## HATS Data Preview 1 on RSP

This notebook tests access to Data Preview 1 (DP1) data in the HATS format. 

**Goal:** To load a randomized sample of the data, to be used for scale testing within the RSP.

In [None]:
# if not previously installed
# %pip install lsdb --quiet

In [1]:
import lsdb
import numpy as np
from upath import UPath

In [6]:
base_path = UPath("/rubin/lincc_lsb_data")
object_collection = lsdb.read_hats(base_path / "object_collection_lite")

In [7]:
pixel_statistics = object_collection.per_pixel_statistics()
pixel_counts = pixel_statistics["objectId: row_count"].astype(np.int64) 

In [8]:
partition_indices = []
for percentile in [10, 50, 90]:
    q = np.percentile(pixel_counts, percentile)
    print(f"Percentile: {percentile}, Quartile: {q}")
    index = int(np.argmin(np.abs(pixel_counts - q)))
    closest_value = pixel_counts.iloc[index]
    print(f"Closest value: {closest_value}, partition index: {index}")
    partition_indices.append(index)

Percentile: 10, Quartile: 833.0000000000001
Closest value: 926, partition index: 15
Percentile: 50, Quartile: 24624.0
Closest value: 24624, partition index: 35
Percentile: 90, Quartile: 138144.0000000001
Closest value: 132427, partition index: 3


In [11]:
for index in partition_indices:
    print(f"Sampling partition {index} of size {pixel_counts.iloc[index]}")
    %timeit object_collection.sample(index, n=100, seed=10)
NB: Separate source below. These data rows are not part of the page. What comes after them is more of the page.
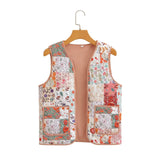 Yipinpay 2024 Ethnic Women Patchwork Floral Print Quilted Vest Sleeveless Coat V Neck Pockets Lady Vintage Waistcoat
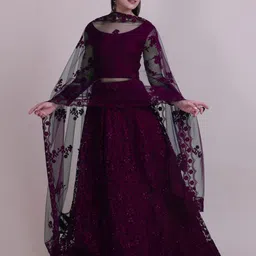 Warthy Ent Embroidered Thread Work Semi-Stitched Lehenga & Unstitched Blouse With Dupatta-image-31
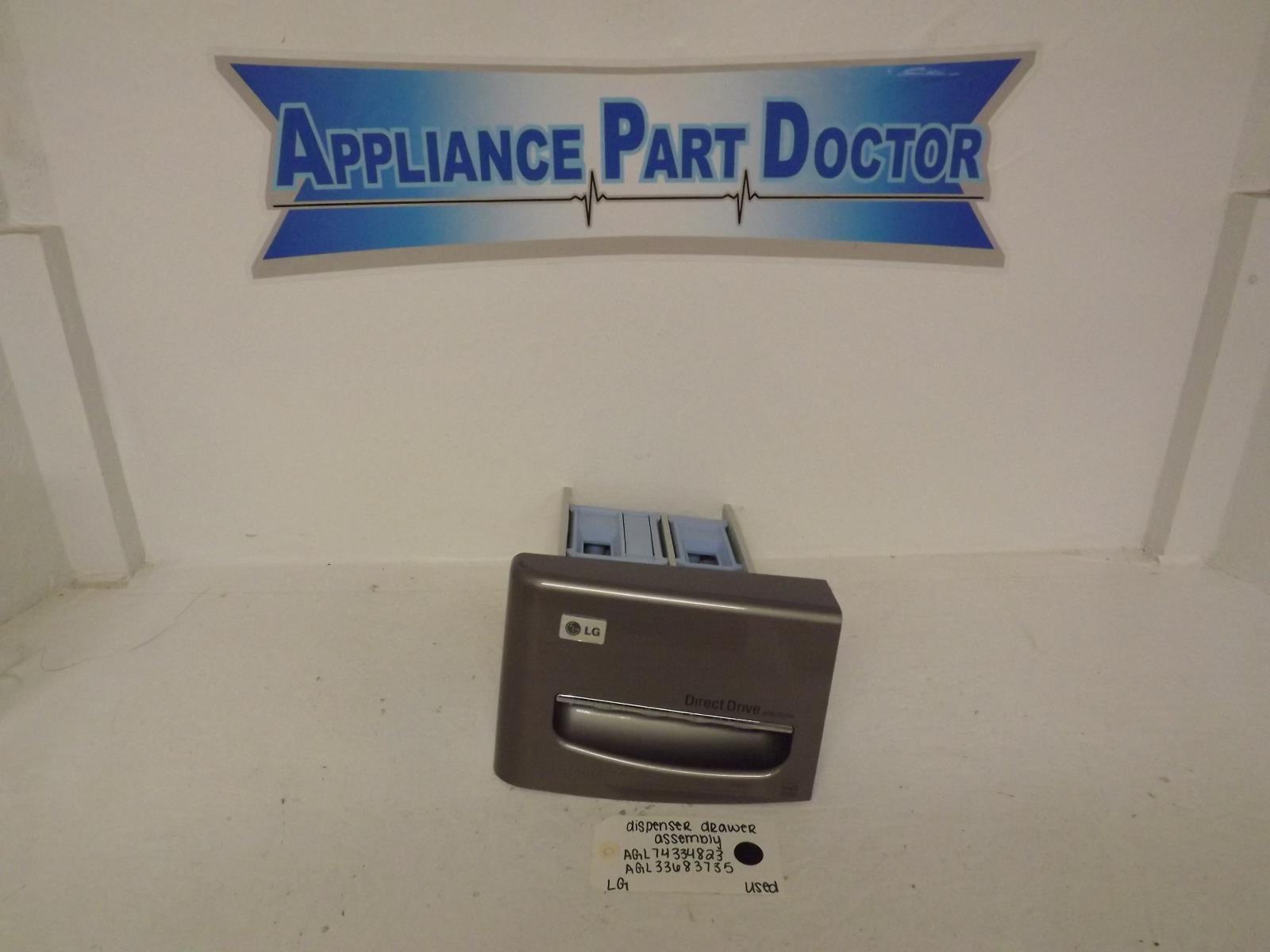 LG Washer AGL74334823 AGL33683735 Dispenser Drawer Assembly Used LG Washer AGL74334823 AGL33683735 Dispenser Drawer Assembly Used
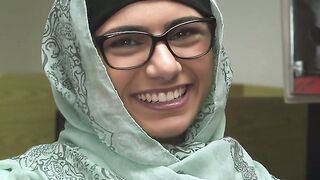 Library masturbation with cute Arab pornstar Mia Khalifa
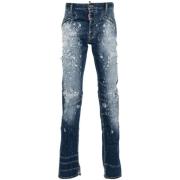 Indigo Blauwe Distressed Skinny Jeans Dsquared2 , Blue , Heren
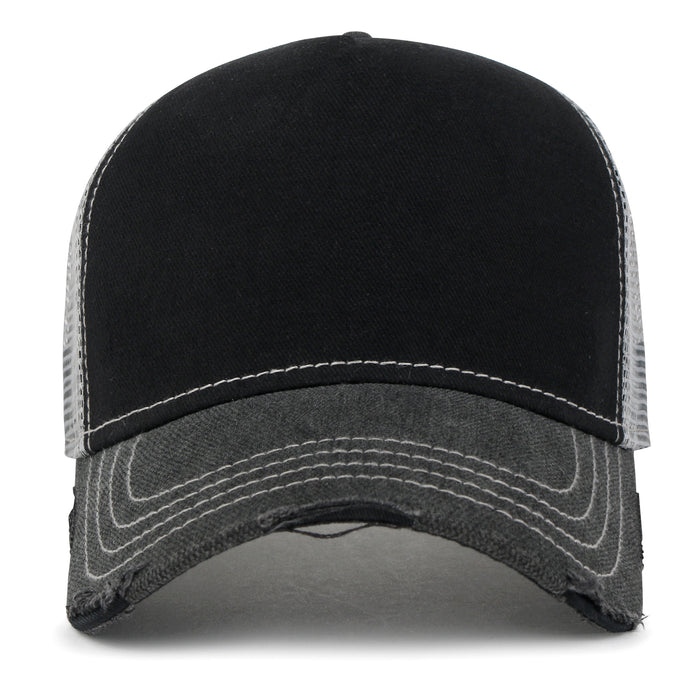 Premium Distressed Mesh Trucker Hat, Contrast Stitch Blank Cap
Sampling partition 15 of size 926
82.4 ms ± 1.43 ms per loop (mean ± std. dev. of 7 runs, 10 loops each)
Sampling partition 35 of size 24624
13.2 s ± 71.7 ms per loop (mean ± std. dev. of 7 runs, 1 loop each)
Sampling partition 3 of size 132427
3.97 s ± 86.2 ms per loop (mean ± std. dev. of 7 runs, 1 loop each)